Data shown.
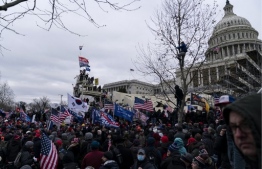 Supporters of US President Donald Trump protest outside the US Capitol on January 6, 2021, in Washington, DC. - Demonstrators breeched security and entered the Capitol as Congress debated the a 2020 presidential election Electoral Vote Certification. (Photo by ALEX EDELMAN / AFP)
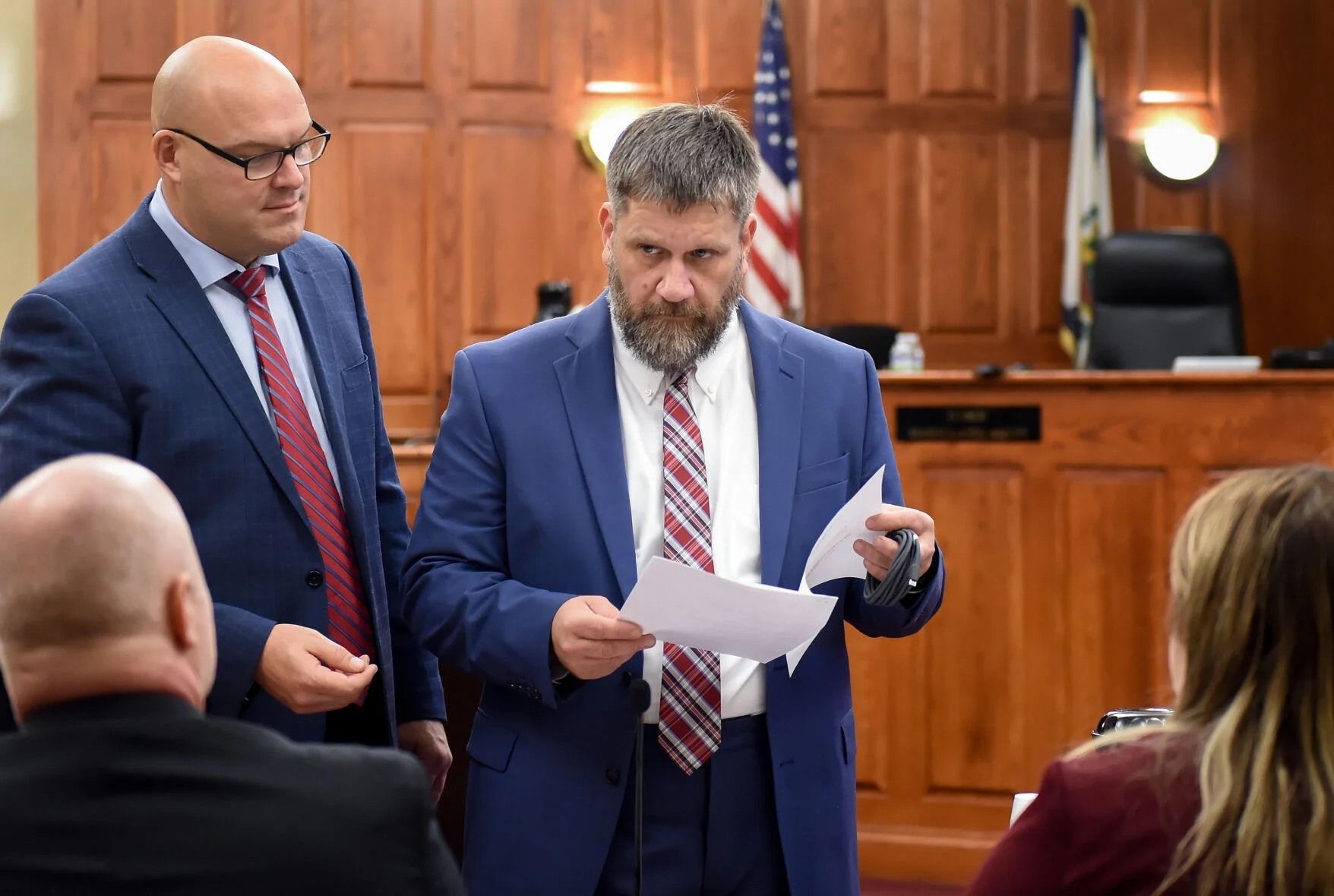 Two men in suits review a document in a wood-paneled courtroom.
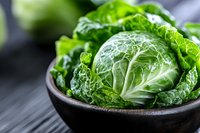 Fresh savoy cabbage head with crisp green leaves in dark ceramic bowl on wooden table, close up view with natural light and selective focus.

---

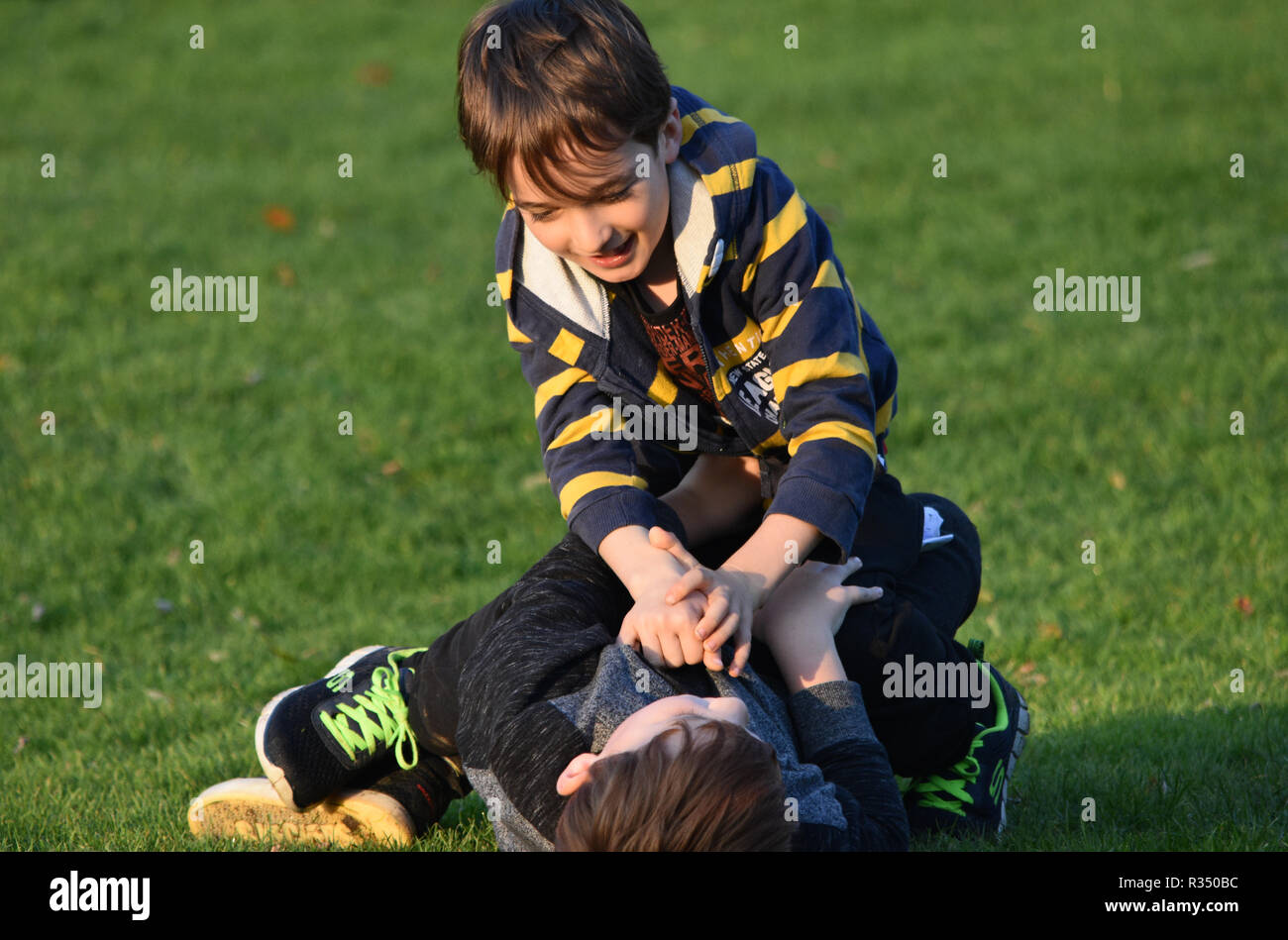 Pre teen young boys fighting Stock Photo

Instructions for the task. What is needed is an exact copy of the lines above, from the one holding "Supporters of US" down to the one holding "Fresh savoy cabbage", with those two included and the pictures left out.

Solution to this task.
 Supporters of US President Donald Trump protest outside the US Capitol on January 6, 2021, in Washington, DC. - Demonstrators breeched security and entered the Capitol as Congress debated the a 2020 presidential election Electoral Vote Certification. (Photo by ALEX EDELMAN / AFP)
 Two men in suits review a document in a wood-paneled courtroom.
 Fresh savoy cabbage head with crisp green leaves in dark ceramic bowl on wooden table, close up view with natural light and selective focus.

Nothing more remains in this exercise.